Compelido a apresentar uma resposta ágil e dinâmica que diminuísse os impactos educacionais causados pela pandemia, o Governo publicou a Medida Provisória 934/2020, que flexibilizou o ensino básico, fundamental e médio, dispensando as escolas públicas e privadas de cumprir o mínimo de 200 dias letivos, mantendo porém, obrigatória a carga horária mínima de 800 horas/aula no ano.
Fato é, que a mudança repentina deu ensejo à uma modificação unilateral nas regras dos contratos nas instituições de ensino privado, de modo que o ensino, inicialmente contratado para ser presencial, foi alterado para a modalidade online.
Em que pese as instituições de ensino tenham realizado gastos para disponibilizar as aulas virtuais, outros custos foram reduzidos, como contas de água, luz, materiais escolares. etc. Do mesmo modo, e igualmente afetados pela pandemia, pais e alunos enfrentam dificuldades para pagar as mensalidades. Parece justo, portanto, que nesses casos, ocorra uma revisão e repactuação do contrato, para ajustar o preço a ser pago, visando preservar o equilíbrio econômico e financeiro dos contratos.
Situação totalmente oposta ocorreria, se diante da pandemia, certa instituição de ensino não dispusesse de plataforma online para realização de aulas virtuais, causando grande prejuízo ao ano letivo e crescimento profissional do estudante. Ora, deverá o pai/aluno adimplente, continuar a pagar as mensalidades, mesmo sem receber o serviço contratado?
Neste caso, estamos diante da Exceção do Contrato Não Cumprido, instituto de grande aplicabilidade prática, que ocorre quando uma das partes deixa de cumprir sua obrigação devido ao não cumprimento da obrigação da outra parte. Não havendo a disponibilização das aulas online pela instituição de ensino, os pais poderão então, deixar de efetuar os pagamentos, e consequentemente o contrato será resolvido, ou seja, encerrado.
Por fim, chamo a atenção para a impossibilidade de, sob a justificativa de enfrentamento a pandemia, alguém simplesmente querer pôr fim a todo e qualquer contrato anteriormente firmado.
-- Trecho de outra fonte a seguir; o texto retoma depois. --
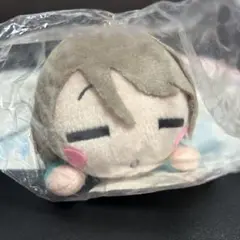 ラブライブ!寝そべりぬいぐるみ パジャマ 2025年最新】ラブライブ!サンシャイン!!寝そべりぬいぐるみ
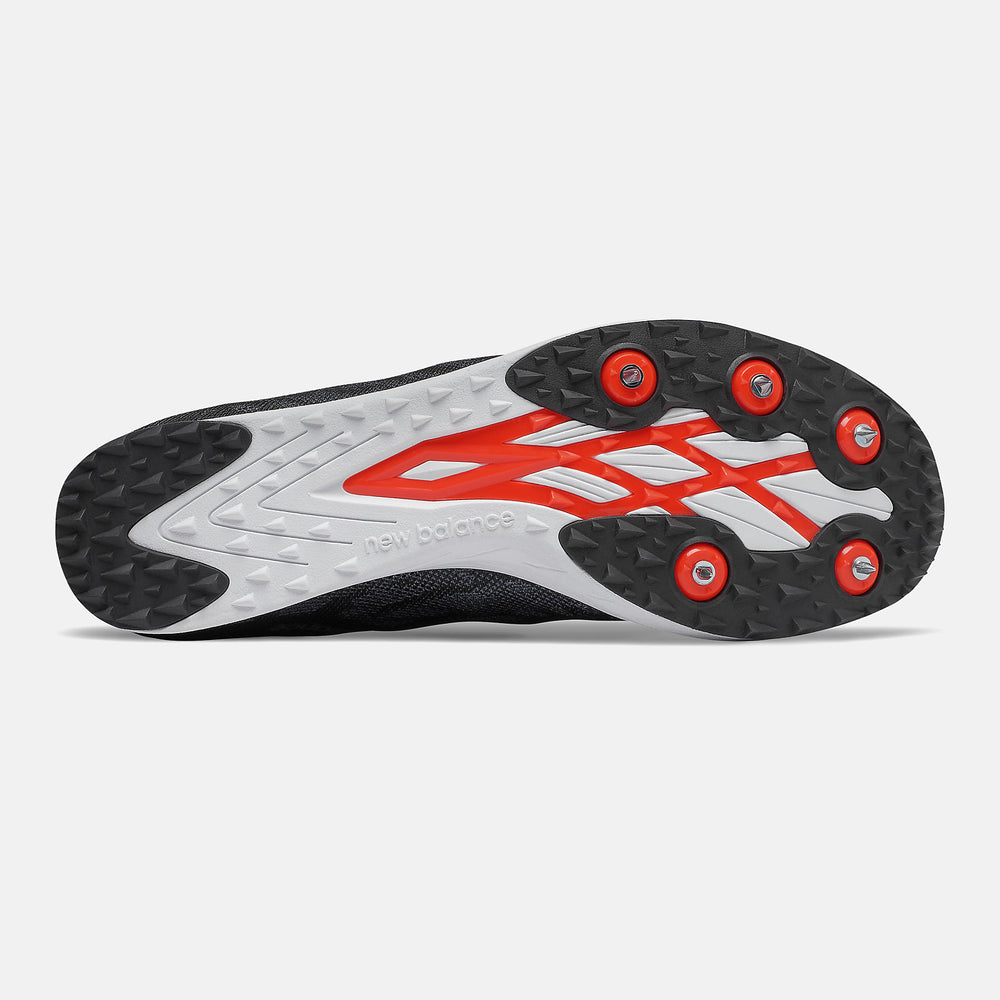 XC5KV5 / New Balance Women|Men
Explico:
Se o cidadão, entusiasmado em aprender novo idioma, firmou contrato para compra de curso de inglês integralmenteonline, com término previsto para 2022, e lhe estão sendo disponibilizadas todas as aulas, não há que se falar em extinção do contrato devido ao surto da COVID-19.
Note-se que este contrato é alheio à pandemia e, em razão da sua plena execução, o contrato deverá ser mantido em atenção ao Princípio da Força Obrigatória dos Contratos, podendo as partes, no entanto, ajustarem possíveis descontos devido à situação excepcional a que fomos acometidos.
Esta matéria já é objeto de diversos projetos de lei no Congresso Nacional. Todavia, enquanto não regulamentada, o recomendável é aplicação do bom senso e da boa-fé, buscando sempre o equilíbrio econômico e financeiro do contrato.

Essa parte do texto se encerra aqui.